L'aspect le plus critiqué est l'usage de termes édulcorés par le quotidien ; les pratiques trompeuses de l'entreprise à ses débuts ont été qualifiées de simples "raccourcis" au lieu d'être dénoncées comme des manoeuvres frauduleuses ou de la désinformation délibérée.

Une réalité sombre derrière la façade milliardaire

Derrière cette vitrine de succès financier, l'enquête de Futurism et plusieurs rapports indépendants ont révélé un réseau complexe de violations éthiques et légales. Pour sa promotion, Medvi s'est appuyée sur des médecins fictifs aux noms fantaisistes, des photos truquées par IA, et a même volé des clichés de personnes réelles dans des articles datant de 2017. Ces images ont été modifiées pour faire croire que ces individus avaient obtenu des résultats spectaculaires grâce aux traitements de perte de poids vendus par l'entreprise.

Les enquêteurs ont également relevé des anomalies techniques flagrantes dans les supports publicitaires, telles que des doigts fusionnés ou des objets déformés, confirmant l'utilisation massive de contenus générés par IA de basse qualité pour tromper des consommateurs désespérés de perdre du poids.
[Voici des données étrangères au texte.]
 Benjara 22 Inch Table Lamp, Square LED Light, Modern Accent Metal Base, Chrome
Confrontation juridique et réglementaire

Les problèmes ne sont pas seulement éthiques, ils sont aussi réglementaires. En février 2026, la Food and Drug Administration (FDA) a adressé une mise en demeure sévère à l'entreprise, l'accusant de diffuser des allégations trompeuses sur l'efficacité de médicaments non approuvés. Medvi laissait entendre qu'elle fabriquait elle-même les médicaments en apposant son logo sur des flacons virtuels.
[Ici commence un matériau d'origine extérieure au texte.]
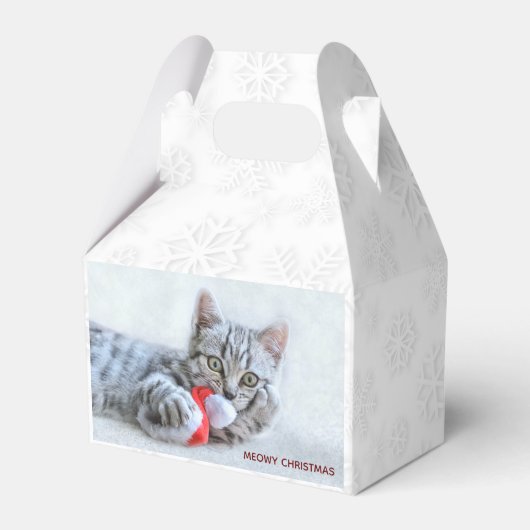 Meowy Christmas Niedlich Gray Tabby Cat Geschenkschachtel (Vorderseite)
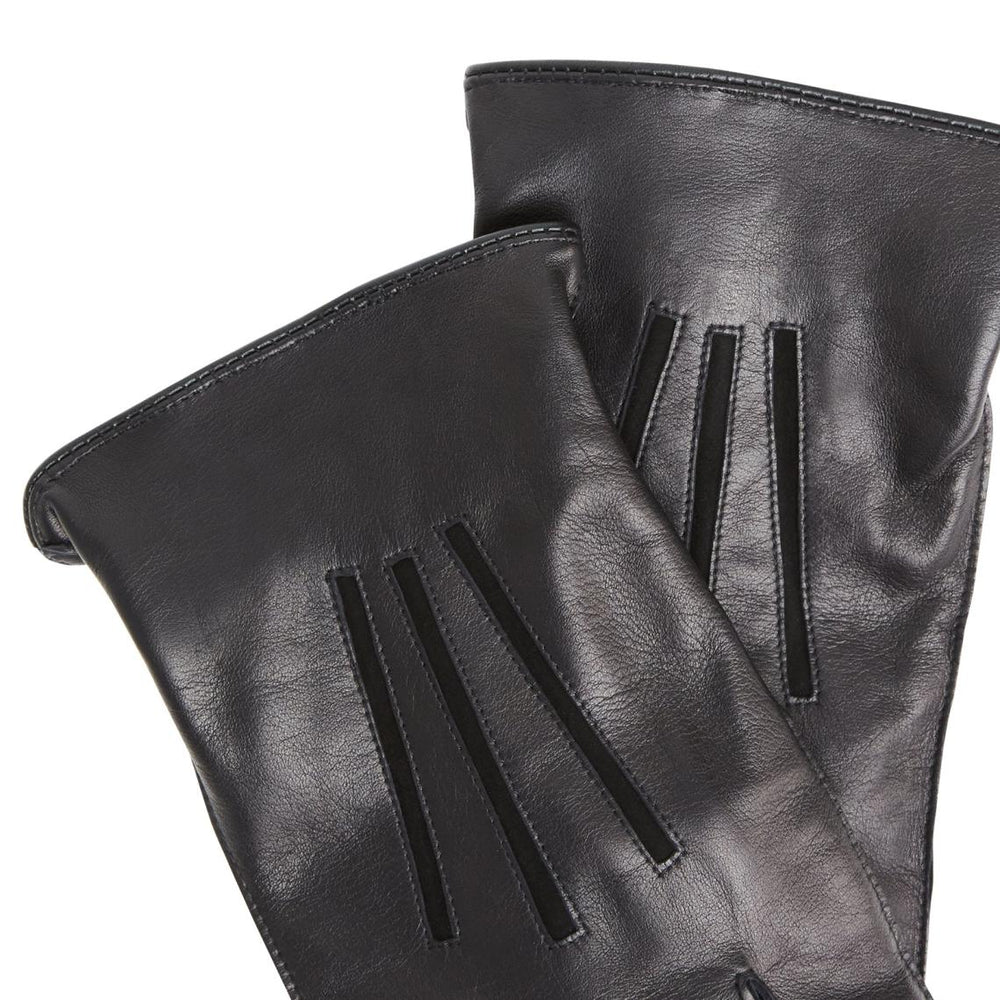 Bruno Magli Men's Cold Weather | Men/Women Nappa Leather Cut-Out Points Gloves - Black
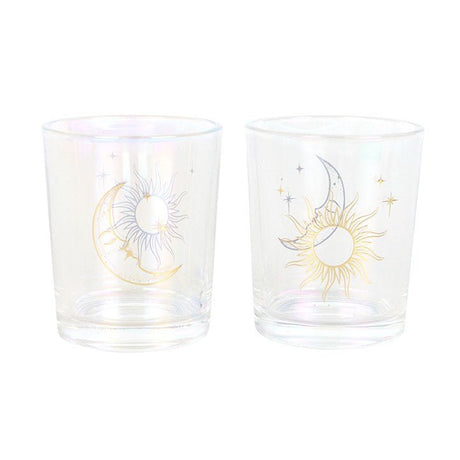 The Fashion Gift Shop: Charming Iridescent Sun and Moon Votive Candle Holders for Your Tea Lights by Mindful Frog, Candle Holders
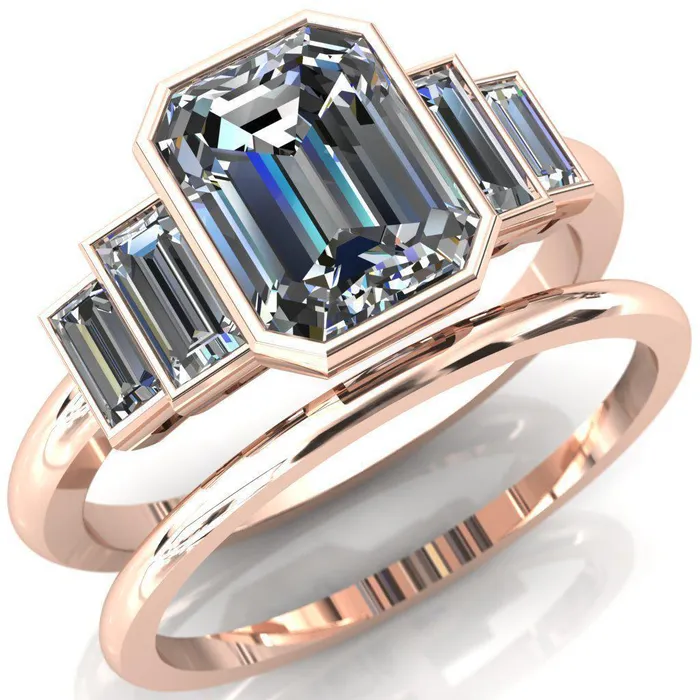 Fire Brilliance Lois Emerald Center Stone Baguette Accent 5 Stone Ring Rings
De plus, l'entreprise est impliquée dans des litiges concernant ses partenaires de télémédecine, sur fond d'accusations de vente de pilules amaigrissantes sans mécanisme d'absorption ou d'efficacité prouvée, mettant ainsi en péril la sécurité des patients.
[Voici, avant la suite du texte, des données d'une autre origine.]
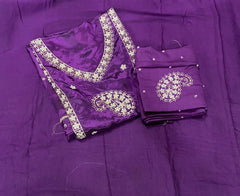 Fancy Glass Organza Suit Set with Zari Hand Work - Yanchi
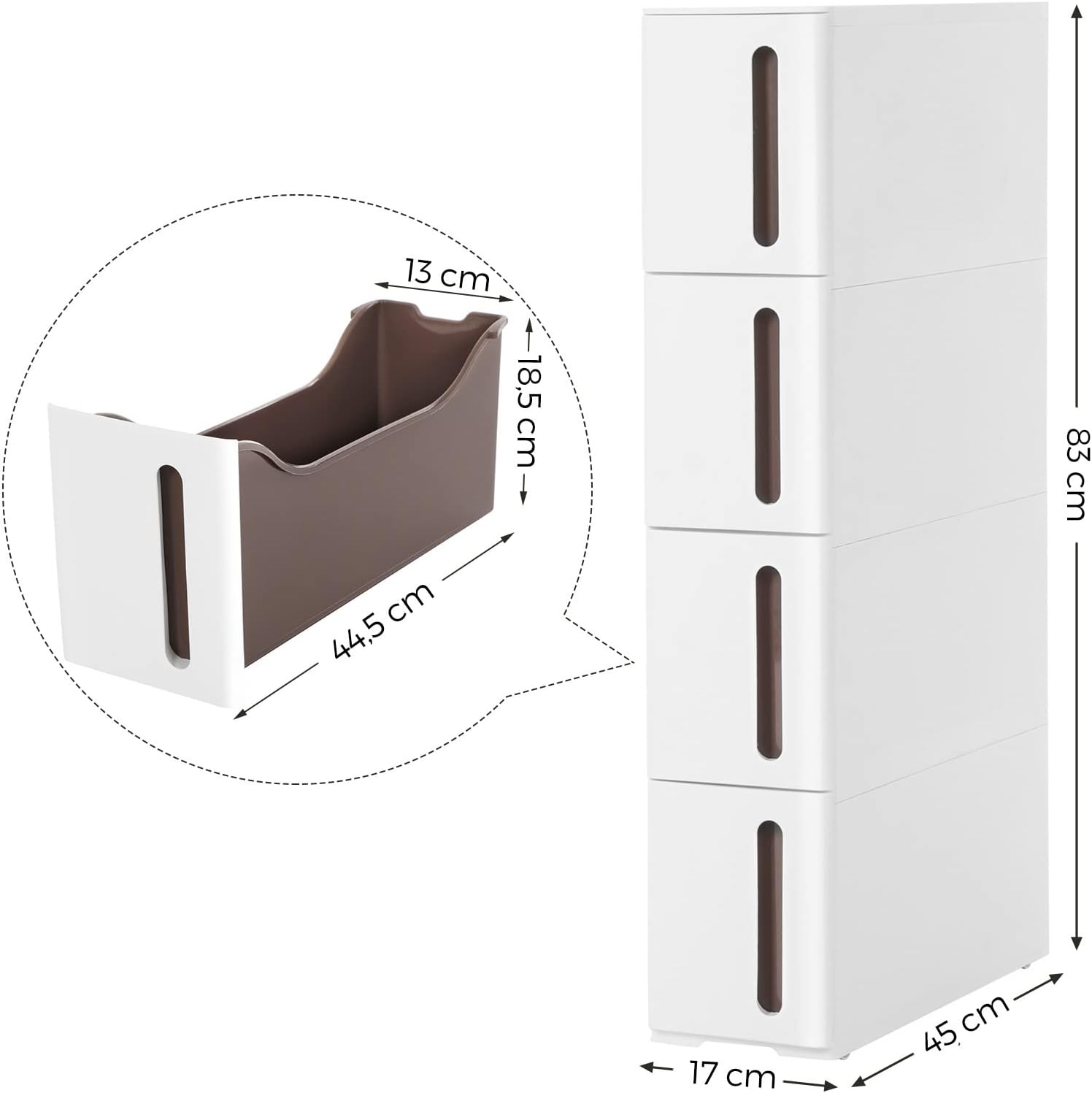 Smal rullevogn med 4 skuffer, 45 x 17 x 84 cm, hvid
Réactions et critiques des experts

Le portrait du New York Times a suscité une vague d'indignation dans les milieux technologiques et médicaux. Le Dr Jonathan Slotkin, neurochirurgien et investisseur, a qualifié cet article de produit des délires de la Silicon Valley et d'une latence réglementaire. Les experts affirment que cette affaire aurait dû être traitée comme une enquête de santé publique axée sur la sécurité des patients, et non comme une chronique technologique glorifiant les marges bénéficiaires.

De son côté, Gallagher a défendu son entreprise sur la plateforme X, considérant que les critiques émanent de personnes ne comprenant pas le marketing d'affiliation, et affirmant que sa société contribue à baisser le prix des médicaments et à rendre les soins accessibles à domicile.

Conclusion : La responsabilité des médias

Le rapport de Futurism conclut que la fascination de la grande presse pour l'IA ne doit pas l'aveugler sur les faits fondamentaux. Si le modèle d'une entreprise milliardaire avec un effectif minimal est techniquement intrigant, bâtir un tel succès sur les ruines de l'éthique médicale et la tromperie des consommateurs doit en faire un cas d'école de prudence, et non d'éloge. Le faux pas professionnel du New York Times dans cette affaire sonne comme un avertissement sur la manière dont les médias couvrent la nouvelle vague d'entreprises portées par l'IA.